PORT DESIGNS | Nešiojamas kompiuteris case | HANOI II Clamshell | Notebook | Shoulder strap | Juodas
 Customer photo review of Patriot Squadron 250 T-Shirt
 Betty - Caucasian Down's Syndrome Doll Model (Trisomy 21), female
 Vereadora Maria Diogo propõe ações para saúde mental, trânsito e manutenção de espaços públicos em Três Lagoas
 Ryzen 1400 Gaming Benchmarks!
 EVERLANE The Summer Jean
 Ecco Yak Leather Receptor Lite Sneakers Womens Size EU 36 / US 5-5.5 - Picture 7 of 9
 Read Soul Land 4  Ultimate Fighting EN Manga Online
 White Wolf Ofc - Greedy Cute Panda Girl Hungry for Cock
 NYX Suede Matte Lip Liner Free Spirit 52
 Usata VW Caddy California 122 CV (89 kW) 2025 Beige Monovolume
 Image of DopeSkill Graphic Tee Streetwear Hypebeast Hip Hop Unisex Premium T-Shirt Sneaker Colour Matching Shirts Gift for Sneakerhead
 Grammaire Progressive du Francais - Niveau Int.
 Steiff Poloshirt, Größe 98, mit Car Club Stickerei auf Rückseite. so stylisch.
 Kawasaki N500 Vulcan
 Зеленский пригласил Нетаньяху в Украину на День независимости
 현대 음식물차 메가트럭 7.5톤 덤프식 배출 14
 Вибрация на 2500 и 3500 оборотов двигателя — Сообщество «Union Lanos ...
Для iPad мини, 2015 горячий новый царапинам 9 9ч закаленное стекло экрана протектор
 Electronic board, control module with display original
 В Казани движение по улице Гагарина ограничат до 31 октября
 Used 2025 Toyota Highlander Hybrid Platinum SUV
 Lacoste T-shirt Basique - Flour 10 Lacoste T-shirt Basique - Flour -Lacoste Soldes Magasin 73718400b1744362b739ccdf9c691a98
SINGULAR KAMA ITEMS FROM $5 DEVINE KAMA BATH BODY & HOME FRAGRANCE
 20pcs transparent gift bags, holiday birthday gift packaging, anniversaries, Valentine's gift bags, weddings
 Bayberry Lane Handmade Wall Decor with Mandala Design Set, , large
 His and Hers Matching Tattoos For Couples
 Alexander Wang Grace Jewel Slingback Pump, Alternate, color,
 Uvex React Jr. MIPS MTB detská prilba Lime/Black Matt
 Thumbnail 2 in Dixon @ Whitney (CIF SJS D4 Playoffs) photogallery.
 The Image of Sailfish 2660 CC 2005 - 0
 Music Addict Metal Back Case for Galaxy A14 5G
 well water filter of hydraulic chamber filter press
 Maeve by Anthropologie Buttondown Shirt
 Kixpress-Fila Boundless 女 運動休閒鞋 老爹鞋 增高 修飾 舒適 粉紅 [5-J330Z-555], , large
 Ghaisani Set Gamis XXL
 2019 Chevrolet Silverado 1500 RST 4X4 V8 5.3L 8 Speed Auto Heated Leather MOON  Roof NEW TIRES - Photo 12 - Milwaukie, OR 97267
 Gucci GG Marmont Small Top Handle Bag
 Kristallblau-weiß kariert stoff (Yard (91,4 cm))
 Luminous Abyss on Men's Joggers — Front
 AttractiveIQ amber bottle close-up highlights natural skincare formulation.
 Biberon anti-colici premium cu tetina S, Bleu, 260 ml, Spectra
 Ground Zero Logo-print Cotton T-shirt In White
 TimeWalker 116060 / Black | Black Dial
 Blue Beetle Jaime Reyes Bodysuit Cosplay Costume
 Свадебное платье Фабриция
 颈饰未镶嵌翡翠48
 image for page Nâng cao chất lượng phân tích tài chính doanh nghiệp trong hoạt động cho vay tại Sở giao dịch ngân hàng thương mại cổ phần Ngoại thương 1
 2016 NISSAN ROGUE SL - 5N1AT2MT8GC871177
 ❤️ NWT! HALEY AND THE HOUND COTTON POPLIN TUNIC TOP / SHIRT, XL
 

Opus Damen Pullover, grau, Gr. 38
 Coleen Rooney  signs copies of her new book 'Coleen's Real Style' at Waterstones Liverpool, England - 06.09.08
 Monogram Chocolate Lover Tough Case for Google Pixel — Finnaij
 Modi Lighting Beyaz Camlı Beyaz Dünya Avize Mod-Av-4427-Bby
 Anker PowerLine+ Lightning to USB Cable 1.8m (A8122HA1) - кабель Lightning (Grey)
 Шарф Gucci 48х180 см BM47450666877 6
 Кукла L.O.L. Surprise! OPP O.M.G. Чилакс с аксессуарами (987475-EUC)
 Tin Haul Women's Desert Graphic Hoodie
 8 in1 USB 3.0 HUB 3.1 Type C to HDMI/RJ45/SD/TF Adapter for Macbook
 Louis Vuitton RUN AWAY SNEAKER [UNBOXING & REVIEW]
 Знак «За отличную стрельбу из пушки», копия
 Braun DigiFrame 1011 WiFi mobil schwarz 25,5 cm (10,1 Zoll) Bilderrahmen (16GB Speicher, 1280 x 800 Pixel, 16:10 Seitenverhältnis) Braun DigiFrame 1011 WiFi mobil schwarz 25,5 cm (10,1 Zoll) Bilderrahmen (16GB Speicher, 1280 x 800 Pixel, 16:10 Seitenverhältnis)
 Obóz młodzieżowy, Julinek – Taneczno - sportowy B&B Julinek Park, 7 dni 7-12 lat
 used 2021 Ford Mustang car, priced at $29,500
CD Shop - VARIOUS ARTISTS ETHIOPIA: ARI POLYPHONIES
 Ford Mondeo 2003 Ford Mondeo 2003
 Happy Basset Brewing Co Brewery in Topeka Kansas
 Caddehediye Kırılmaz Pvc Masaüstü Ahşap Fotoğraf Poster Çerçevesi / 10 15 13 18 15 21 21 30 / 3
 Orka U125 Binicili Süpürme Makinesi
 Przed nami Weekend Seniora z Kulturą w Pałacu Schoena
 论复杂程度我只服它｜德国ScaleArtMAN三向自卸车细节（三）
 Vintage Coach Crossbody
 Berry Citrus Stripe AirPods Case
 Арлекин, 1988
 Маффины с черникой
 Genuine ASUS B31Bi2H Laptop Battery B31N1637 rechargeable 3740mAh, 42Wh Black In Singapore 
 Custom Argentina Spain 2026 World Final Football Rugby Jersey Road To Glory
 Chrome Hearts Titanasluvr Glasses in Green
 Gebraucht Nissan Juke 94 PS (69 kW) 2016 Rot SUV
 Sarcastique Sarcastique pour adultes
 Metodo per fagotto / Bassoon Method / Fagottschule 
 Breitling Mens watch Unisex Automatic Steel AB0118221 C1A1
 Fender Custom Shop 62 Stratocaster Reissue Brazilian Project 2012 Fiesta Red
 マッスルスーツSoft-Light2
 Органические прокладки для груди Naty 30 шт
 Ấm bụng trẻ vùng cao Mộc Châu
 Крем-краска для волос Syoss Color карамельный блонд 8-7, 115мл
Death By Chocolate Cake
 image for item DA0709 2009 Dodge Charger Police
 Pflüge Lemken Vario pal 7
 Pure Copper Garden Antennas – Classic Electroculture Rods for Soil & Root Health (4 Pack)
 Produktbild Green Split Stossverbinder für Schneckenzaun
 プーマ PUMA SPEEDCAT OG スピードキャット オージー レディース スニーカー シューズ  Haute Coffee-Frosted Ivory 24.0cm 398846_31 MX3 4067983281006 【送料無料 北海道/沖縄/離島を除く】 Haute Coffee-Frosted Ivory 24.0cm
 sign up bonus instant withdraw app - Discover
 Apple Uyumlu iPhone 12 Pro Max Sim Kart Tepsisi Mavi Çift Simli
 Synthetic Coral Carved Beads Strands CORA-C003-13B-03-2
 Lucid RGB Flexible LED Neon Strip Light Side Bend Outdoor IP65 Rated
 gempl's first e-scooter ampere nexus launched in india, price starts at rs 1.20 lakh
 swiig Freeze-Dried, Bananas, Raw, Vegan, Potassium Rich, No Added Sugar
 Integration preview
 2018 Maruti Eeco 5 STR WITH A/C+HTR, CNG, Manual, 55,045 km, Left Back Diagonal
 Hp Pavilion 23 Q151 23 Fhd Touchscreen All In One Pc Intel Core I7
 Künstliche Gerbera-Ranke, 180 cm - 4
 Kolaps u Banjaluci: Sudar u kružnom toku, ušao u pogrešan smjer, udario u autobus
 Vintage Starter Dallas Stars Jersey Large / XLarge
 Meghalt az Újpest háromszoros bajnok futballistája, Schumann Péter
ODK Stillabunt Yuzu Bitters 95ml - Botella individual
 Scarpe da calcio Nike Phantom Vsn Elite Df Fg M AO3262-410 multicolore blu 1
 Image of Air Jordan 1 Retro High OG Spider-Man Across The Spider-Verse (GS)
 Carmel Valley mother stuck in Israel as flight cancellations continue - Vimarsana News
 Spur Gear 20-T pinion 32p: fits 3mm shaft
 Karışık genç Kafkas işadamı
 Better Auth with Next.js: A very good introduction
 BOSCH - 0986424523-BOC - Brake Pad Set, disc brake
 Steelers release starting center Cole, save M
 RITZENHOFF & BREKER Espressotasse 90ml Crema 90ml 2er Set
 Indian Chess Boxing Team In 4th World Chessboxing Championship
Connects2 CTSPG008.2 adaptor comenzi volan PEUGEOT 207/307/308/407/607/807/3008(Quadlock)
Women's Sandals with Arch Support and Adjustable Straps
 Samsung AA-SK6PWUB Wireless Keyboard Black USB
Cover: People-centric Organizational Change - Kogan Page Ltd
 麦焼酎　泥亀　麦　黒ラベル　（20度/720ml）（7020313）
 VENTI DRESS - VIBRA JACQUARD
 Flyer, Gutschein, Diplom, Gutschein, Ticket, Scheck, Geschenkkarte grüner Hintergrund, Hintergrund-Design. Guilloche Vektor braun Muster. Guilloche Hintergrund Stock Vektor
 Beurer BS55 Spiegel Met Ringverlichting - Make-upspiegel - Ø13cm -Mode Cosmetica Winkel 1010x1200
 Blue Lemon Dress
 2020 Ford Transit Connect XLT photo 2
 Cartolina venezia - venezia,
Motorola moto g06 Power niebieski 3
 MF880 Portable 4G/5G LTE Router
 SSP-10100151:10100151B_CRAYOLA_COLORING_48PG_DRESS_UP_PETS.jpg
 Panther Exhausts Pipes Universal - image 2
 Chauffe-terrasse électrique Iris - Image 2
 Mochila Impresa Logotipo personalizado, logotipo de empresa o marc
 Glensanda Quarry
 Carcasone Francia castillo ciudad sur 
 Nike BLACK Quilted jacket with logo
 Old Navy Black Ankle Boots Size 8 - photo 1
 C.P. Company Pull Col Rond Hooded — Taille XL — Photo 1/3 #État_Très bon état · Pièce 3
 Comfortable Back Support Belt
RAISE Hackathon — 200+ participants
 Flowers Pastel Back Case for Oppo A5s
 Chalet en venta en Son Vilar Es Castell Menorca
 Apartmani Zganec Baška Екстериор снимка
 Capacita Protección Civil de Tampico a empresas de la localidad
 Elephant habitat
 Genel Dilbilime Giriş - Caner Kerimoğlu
★ ★ ★ ★ ★
**WHAT YOU HAVE TO DO**. Begin with the first line of the records and reproduce each line as is, ending with the line that holds "Вибрация на 2500".

**TASK ANSWER**.
PORT DESIGNS | Nešiojamas kompiuteris case | HANOI II Clamshell | Notebook | Shoulder strap | Juodas
 Customer photo review of Patriot Squadron 250 T-Shirt
 Betty - Caucasian Down's Syndrome Doll Model (Trisomy 21), female
 Vereadora Maria Diogo propõe ações para saúde mental, trânsito e manutenção de espaços públicos em Três Lagoas
 Ryzen 1400 Gaming Benchmarks!
 EVERLANE The Summer Jean
 Ecco Yak Leather Receptor Lite Sneakers Womens Size EU 36 / US 5-5.5 - Picture 7 of 9
 Read Soul Land 4  Ultimate Fighting EN Manga Online
 White Wolf Ofc - Greedy Cute Panda Girl Hungry for Cock
 NYX Suede Matte Lip Liner Free Spirit 52
 Usata VW Caddy California 122 CV (89 kW) 2025 Beige Monovolume
 Image of DopeSkill Graphic Tee Streetwear Hypebeast Hip Hop Unisex Premium T-Shirt Sneaker Colour Matching Shirts Gift for Sneakerhead
 Grammaire Progressive du Francais - Niveau Int.
 Steiff Poloshirt, Größe 98, mit Car Club Stickerei auf Rückseite. so stylisch.
 Kawasaki N500 Vulcan
 Зеленский пригласил Нетаньяху в Украину на День независимости
 현대 음식물차 메가트럭 7.5톤 덤프식 배출 14
 Вибрация на 2500 и 3500 оборотов двигателя — Сообщество «Union Lanos ...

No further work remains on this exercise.